● **What the exercise asks**
Your answer must be the exact lines from the one with "Luz trasera de" to the end of the data, both included, with no pictures.
--------------------------------
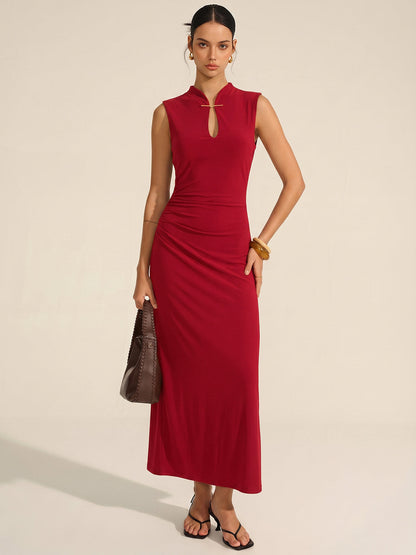 Sleeveless Ruched Keyhole Neck Maxi Dress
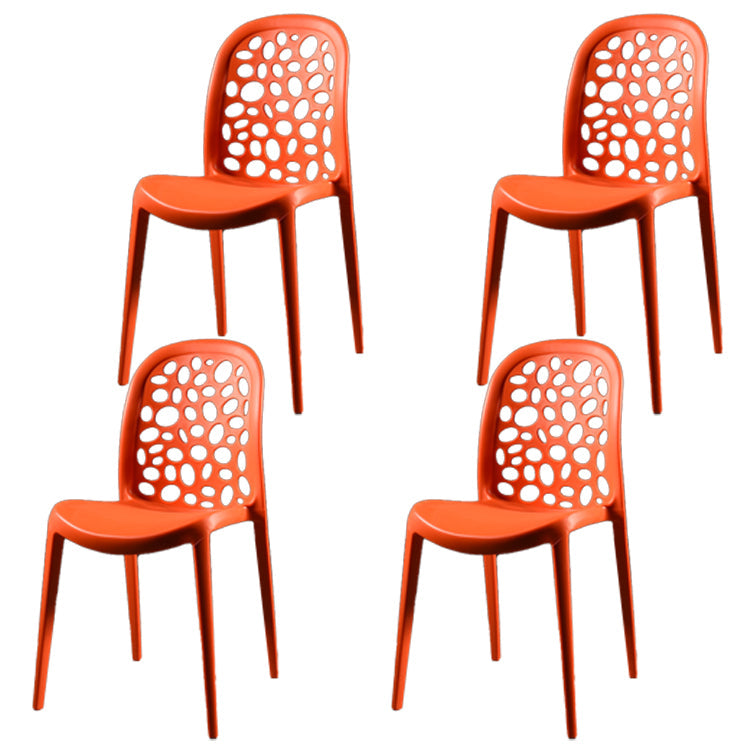 Contemporary Style Plastic Dining Chair Armless Dining Side Chair for Kitchen (Set of 4) Orange Clearhalo ' kitchen&dining_furn' 'Dining Chairs' 'Dining Tables & Seating' 'dining_chair' 'furn' 'furn_dining_chair' 'Furniture' 'furniture_dining_chair' 'Kitchen & Dining Furniture' 'kitchen' 4105366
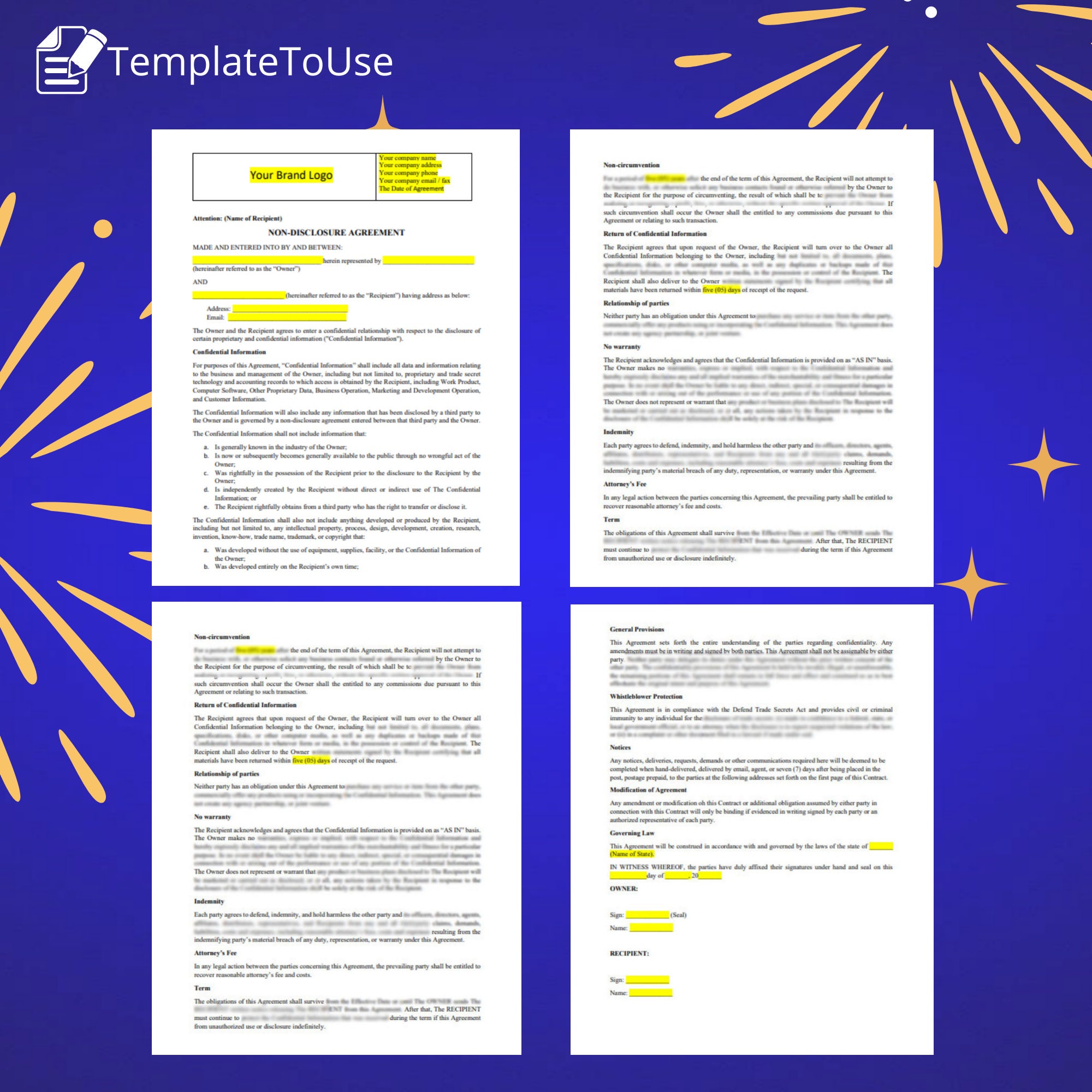 Non-disclosure Agreement, NDA Agreement, NDA Form, NDA Template ...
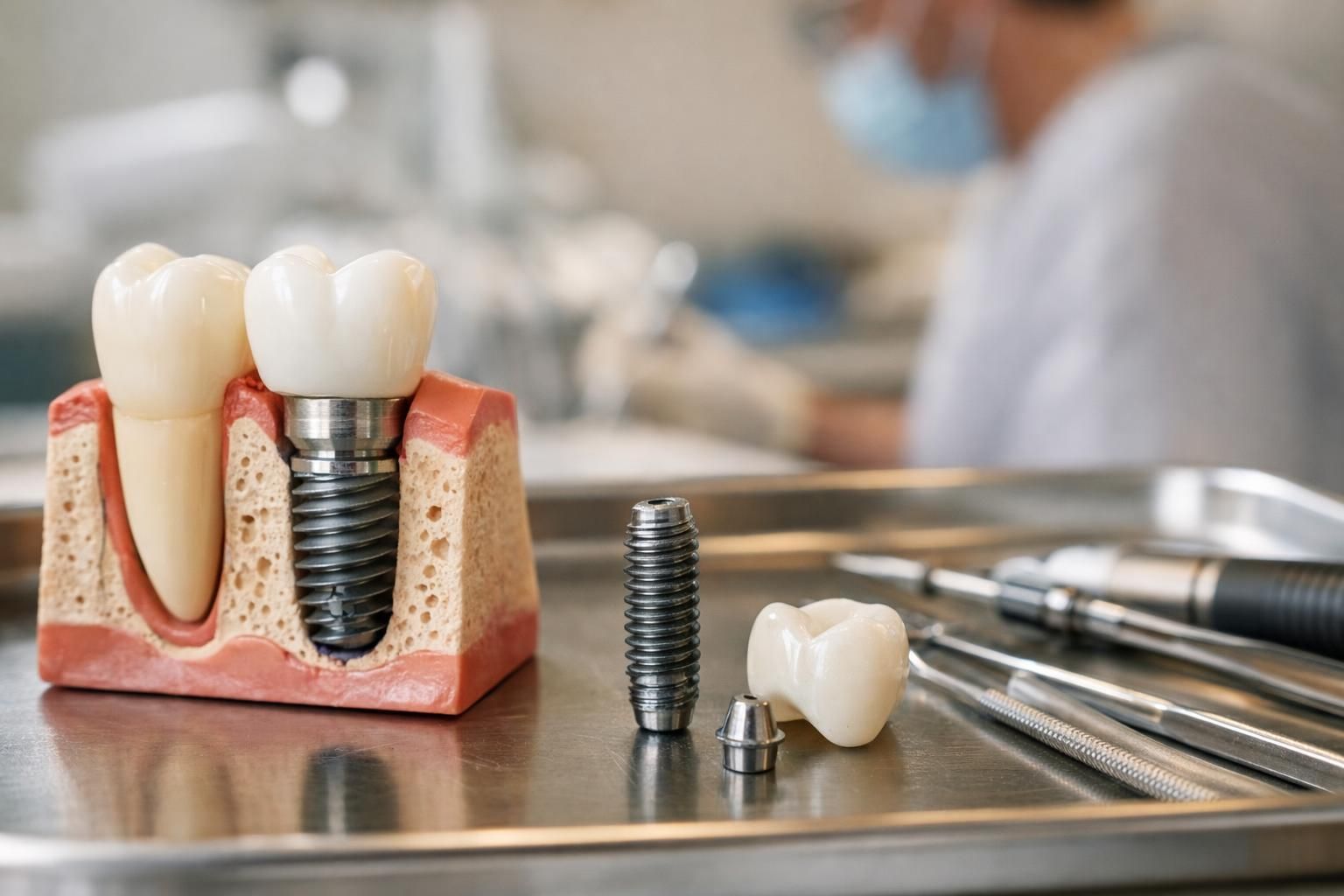 Dental implant model with crown and tools on tray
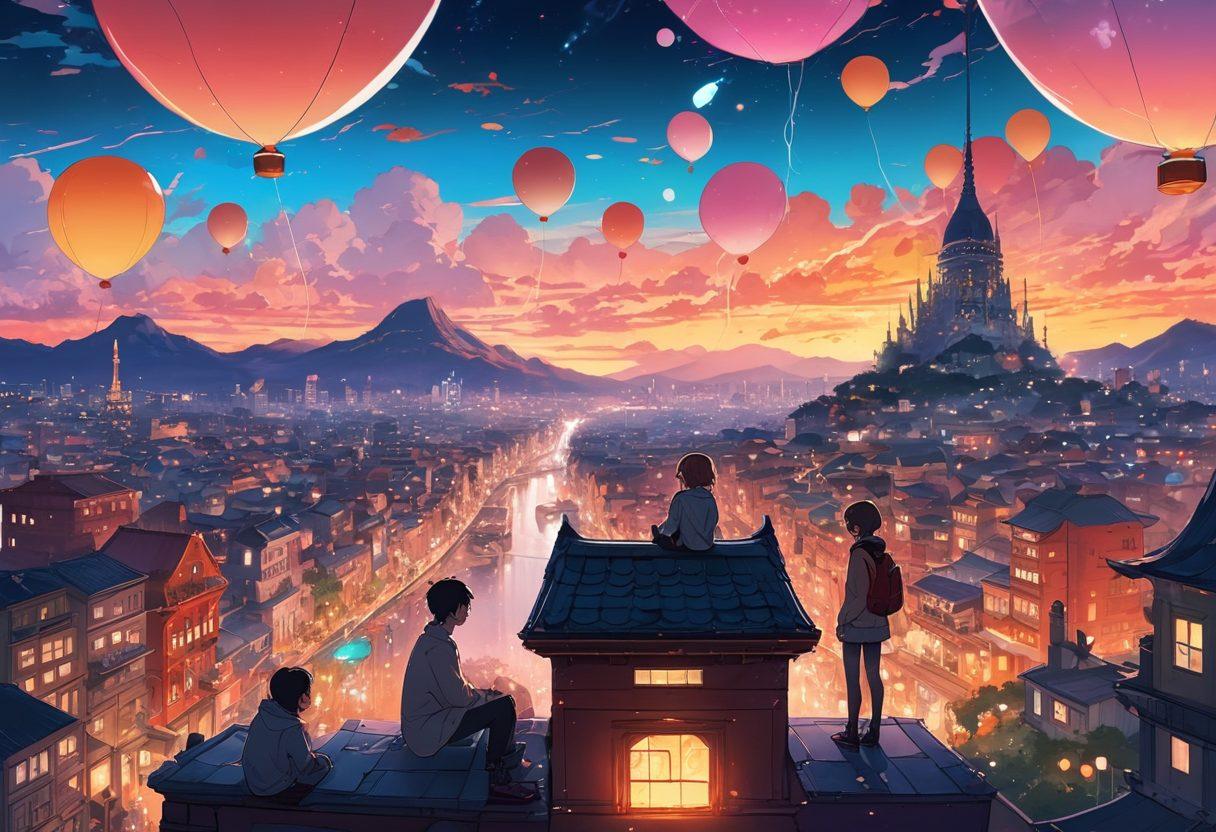 A whimsical, colorful illustration of characters from various anime and manga genres engaging in heartfelt conversations, surrounded by floating speech bubbles filled with emotional expressions. In the background, a vibrant cityscape merging fantasy and reality, filled with iconic anime landmarks. The scene radiates a warm glow, symbolizing intimacy and connection between the characters. anime art style. vibrant colors. dreamy atmosphere.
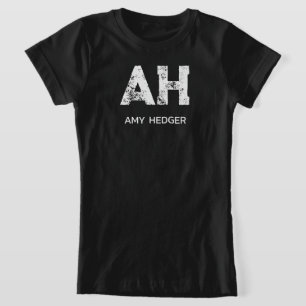 MINIMALIST WHITE TWO LETTER MONOGRAM NAME BLACK T-Shirt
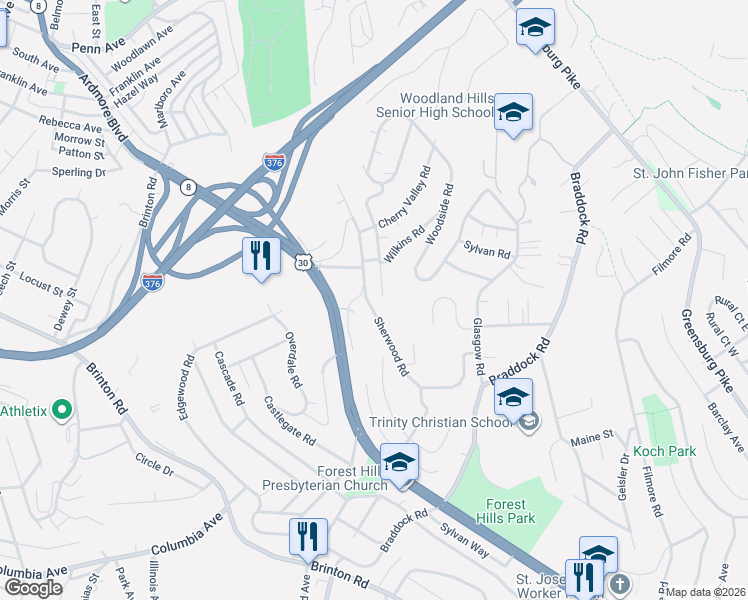 map of restaurants, bars, coffee shops, grocery stores, and more near 105 Fall Run Road in Pittsburgh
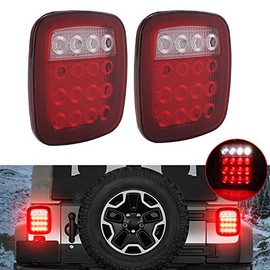 Luz trasera de freno Qiilu, 16 LED luz de marcha atrás doble color rojo y apta para 1976-2006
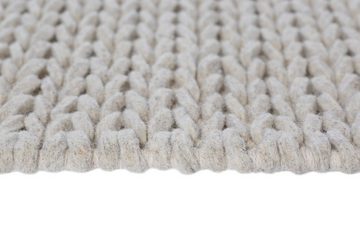 Wollteppich Noyack, Home affaire, rechteckig, Höhe: 12 mm, Handweb-Teppich, Strick-Optik, handgewebt, reine Wolle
--------------------------------
● **Your solution**
 Luz trasera de freno Qiilu, 16 LED luz de marcha atrás doble color rojo y apta para 1976-2006
 Wollteppich Noyack, Home affaire, rechteckig, Höhe: 12 mm, Handweb-Teppich, Strick-Optik, handgewebt, reine Wolle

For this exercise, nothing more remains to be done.